Jol Thoms: Agnes 2021 Stonecroft Foundation artist-in-residence
Jol Thoms’s critical practice addresses our troubled relationships with nature, technology and the cosmos by signalling beyond the purely measurable and quantifiable, and by thinking, feeling and sensing with more-than-human worlds. Residencies are central to Agnes’s contemporary art program and afford us the opportunity to work closely with artists to nurture new ways of working, support the creation of new artworks, and bring artistic processes into our own institutional practice.
Situated on traditional Anishinaabe and Haudenosaunee Territory, Agnes Etherington Art Centre is a curatorially-driven and research—intensive professional art centre that proudly serves a dual mandate as a leading, internationally recognized public art gallery and as an active pedagogical resource at Queen’s University. By commissioning, researching, collecting and preserving works of art, and through exhibiting and interpreting visual culture through an intersectional lens, Agnes creates opportunities for participation and exchange across communities, cultures, and geographies.

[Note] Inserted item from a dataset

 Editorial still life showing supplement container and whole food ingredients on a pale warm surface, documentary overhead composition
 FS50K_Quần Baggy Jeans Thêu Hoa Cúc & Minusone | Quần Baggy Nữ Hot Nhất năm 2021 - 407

The Arthur B. McDonald Canadian Astroparticle Physics Research Institute is the Canadian hub for astroparticle physics research, uniting researchers, theorists, and technical experts within one organization. Located at and led by Queen’s University, the McDonald Institute is proud to have thirteen partner universities and research institutes across the country, all of which are key players in Canada’s past and future innovation in astroparticle physics.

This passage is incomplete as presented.